国民は代議士先生の「政治ごっこ」にお付き合いするのもたいがいにしたいと思っているはずである。無責任なのは安倍首相だけではなく、安倍首相を辞任に追いやった政治家の体質そのものであるはずだ。

さて、無責任と言えば、最近のIPOも例外ではない。

今朝の日経新聞に、主幹事証券会社の引き受けシェアで野村證券が金額ベースで最大となった、と言う記事があった。

主幹事業務というビジネスをやっている証券会社は「金額×手数料率」で収益が入ってくる。しかしながら、引き受けた新規公開株式はすべからず投資家に販売され、募残が出ない限りそのリスクは限定されている。

そのIPO株はここのところ6銘柄続けて初値が公開価格を割り込んでいる。

その上に初値が付いた後の株価は公募・売り出し株を買った個人投資家の投げ売りで更に株価を下げるという展開になってしまっている。

これでは買い手不在になるのは当然であり、IPOの件数は2000年以降最低の件数になるのも仕方がない。

ここで無責任であると私が考えるのは、主幹事証券会社もさることながら、プレヒアリングで経営者の話を聞いて、仮条件の参考となるブックビルディングのレンジを提示する機関投資家である。

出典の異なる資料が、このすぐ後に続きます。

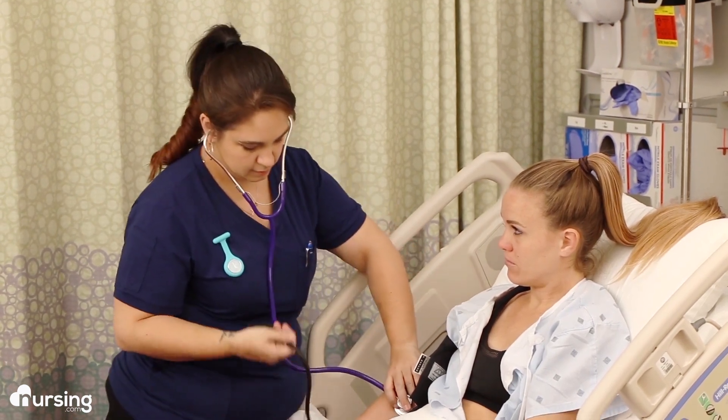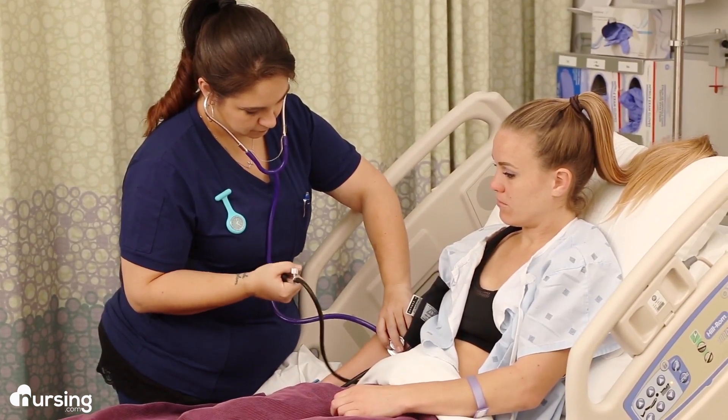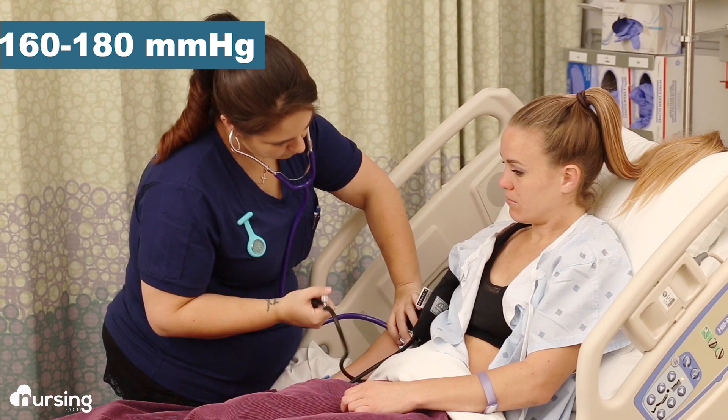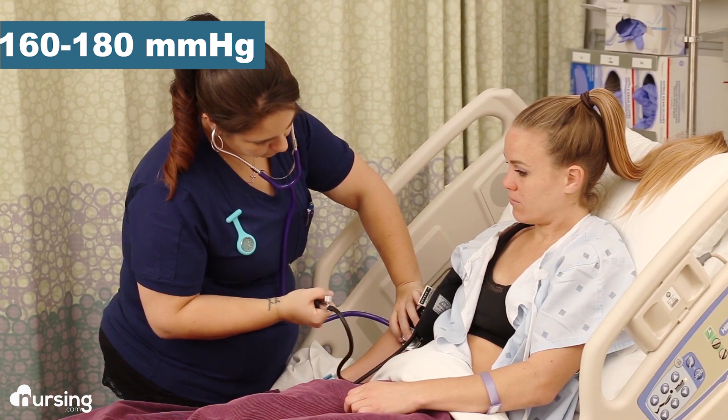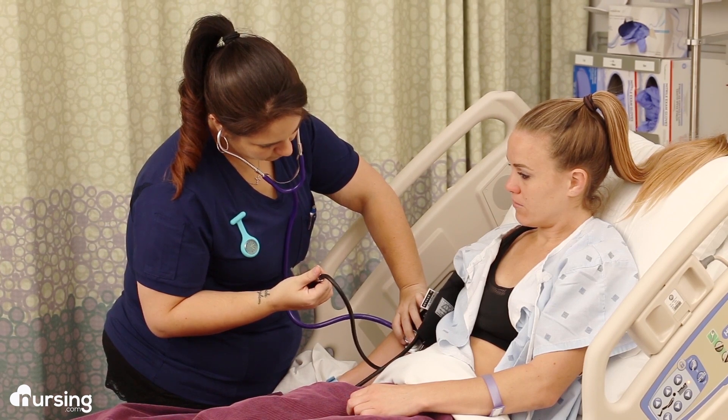Then inflate the cuff by squeezing the bulb until you can't hear the brachial pulse anymore, which on average is usually between 160 and 180 millimeters of mercury. Or you can inflate to about 30 to 40 millimeters of mercury above the patient's baseline blood pressure if you know it.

市場参加者の中では一番市場を良く知っていると言われている機関投資家は上場日に買いを入れる存在でもないわけだから中立的な存在といえるかもしれないが、自らが投資をする前提で株価に言及して欲しいものである。

もしくは市場の環境を考えれば、今の環境はIPOには適していない、というコメントをするのがプロの投資家ではないだろうか。

挙句の果てには、上場後に大幅に割安となったところでIPO株を買い漁るというのが今の機関投資家ではないだろうか。

個人投資家が株で損失を被るとその苦情は企業へと向かう。過去なら証券会社の営業マンに向かったのだが、今は個人投資家と企業が直接コミュニケーションする時代になったから主幹事証券会社はポストIPOの株価で煩うこともないだろう。

そこに付け込んだ安易なIPOビジネスが新興株式市場を更に悪化させる原因にもなっている。

その意味において上場後の株価に対して何のアクションも取らない主幹事と、プレヒアに応じた機関投資家はまったく無責任としか言いようがない。 

もし仮に無責任なことをやっていると感じるIPOビジネス関係者がいたらここは少し立ち止まって熟考すべきときに違いない。 

我々国民は株式投資において失われた10年をもう一度繰り返すのは御免被りたいものである。